How To Tame A Wild Tongue: Art After Chicanismo
This spring, the Museum of Contemporary Art San Diego will present To Tame a Wild Tongue: Art after Chicanismo at its downtown location from May 21 through August 23.
Drawn exclusively from the Museum’s holdings, To Tame a Wild Tongue: Art after Chicanismo brings together over 25 artists, all of whom explore aspects of the Mexican American experience. The exhibition includes painting, sculpture and installation, taking the Chicano Art Movement as a point of departure. The politically and culturally inspired movement was created by Mexican American artists during the counterculture revolution of the late 1960s and early 1970s. Heavily influenced by the iconography of revolutionary leaders, pre-Colonial art, Mexican religious icons and socio-political issues, the movement resisted and challenged dominant social norms and stereotypes to move towards cultural autonomy. The exhibition features works from the 1980s to our current moment, interrogating the reverberations of the post-Chicano moment with special attention paid to our transnational region.

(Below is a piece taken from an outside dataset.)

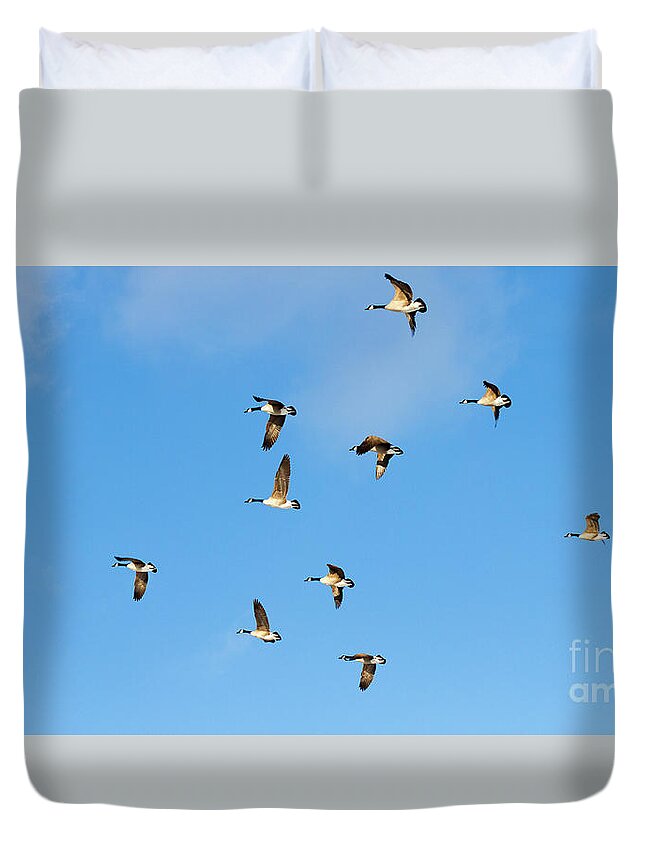 Wildlife Duvet Cover featuring the photograph Headed South by Eleanor Abramson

To Tame a Wild Tongue borrows its title from Gloria Anzaldúa’s pivotal text that underscores language as a source of both cultural identity and cultural hybridity. The exhibition foregrounds the cultural hybridity that exists within a transborder context, without relying on identity alone as the Chicano Movement did. Instead, the artists in this exhibition explore conceptual processes linked to the social, cultural and political issues related to Mexican Americans living in the United States or to those living and making work on either side of the border.
Split into five thematic sections, the exhibition examines ideas of activism, labor, rasquachismo, domesticana, and the border. Questioning what it means to create political and socially oriented work outside of the label of Chicano/a/x, many artists breach ethnic, cultural, and class barriers, as well as the physical borders that shape an urban, multicultural experience.